"As the head baseball coach at Yale for the past 25 years, I have read quite a few opinion pieces about athletes and their place at Yale. I have never responded before, but I feel compelled to in this instance (“Admission and athletics,” Feb. 27, 2017).
As a former English teacher, I found Cole Aronson’s ’18 op-ed [http://yaledailynews.com/blog/2017/02/27/aronson-admissions-and-athletics/] poorly written with absolutely no facts to support his assertions. I taught English at a community college; his article would have earned a C- in a composition class.
I am tired of our athletes being labeled this way." …
This is a tricky issue. There are legit pros and cons about it. It appears to me that many ivies have gradually and slowly reduced the % of recruited athletes (if I am wrong, please correct me), along with % of legacies over the past few decades, to achieve a higher level of diversity. The average sentiments among recruited athletes and non-athletes about this issue also seem quite opposite. There was a Brown student survey about it:
Director of Athletics Jack Hayes: “We need to make sure we are filling out teams and our roster with interested and academically capable students"
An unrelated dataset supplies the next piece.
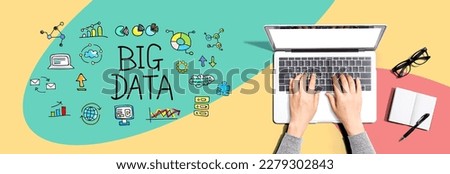 Big data theme with person using a laptop computer
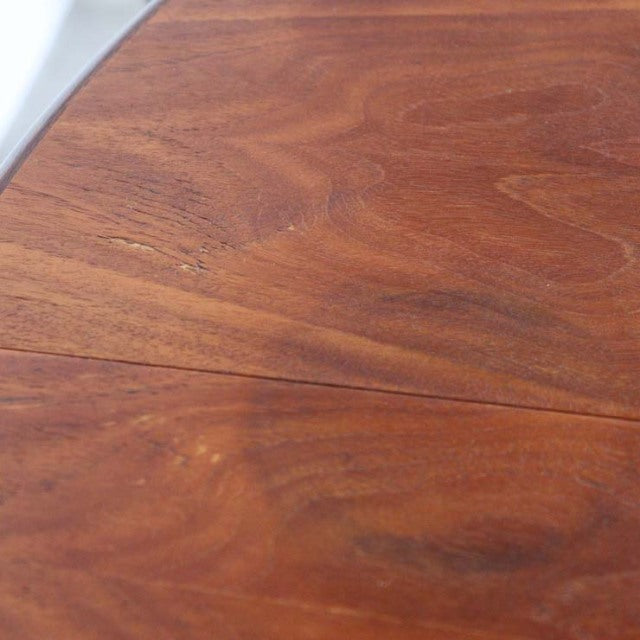 Close-up of vintage British mid-century dining table top in rich teak wood with visible grain patterns and smooth finish.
and yet, “Scott [recruited track] said she was not even aware of Brown before the recruitment process began.” Not even aware of an Ivy? That can happen, but not, I would think, among “academically capable students.”
I fall somewhere in the middle of the debate, and feel very differently about Ivy athletes and the stereotypical “dumb jock,” for whom I don’t see the value in postponing a professional career. I am calmed by the starting basketball player at Yale who chose to take a year to sing acapella, and riled by the news of college athletes’ behaving badly.
Several of my closest friends played baseball, rowed crew, played on the basketball team, ran track, swam or were on the football team. All of them have gone on to successful careers as doctors, lawyers, scientists, executives and academics. Many of them went to prestigious graduate/professional schools (top 10 in their field). Of course this is not a scientific sample size, and I am sure there are plenty of athletes who struggled in school and in life, but it would surprise me if as a group they struggled any more than any other group that were given some type of preference.
There is nothing like athletics that can bring together a diverse community. Just go to “The Game”. There is something that must be rooted in the primitive parts of our brains that generates almost irrational emotion when our tribe battles another. Any school that aspires to create a community, including an attached alumni community, neglects successful athletics at its peril.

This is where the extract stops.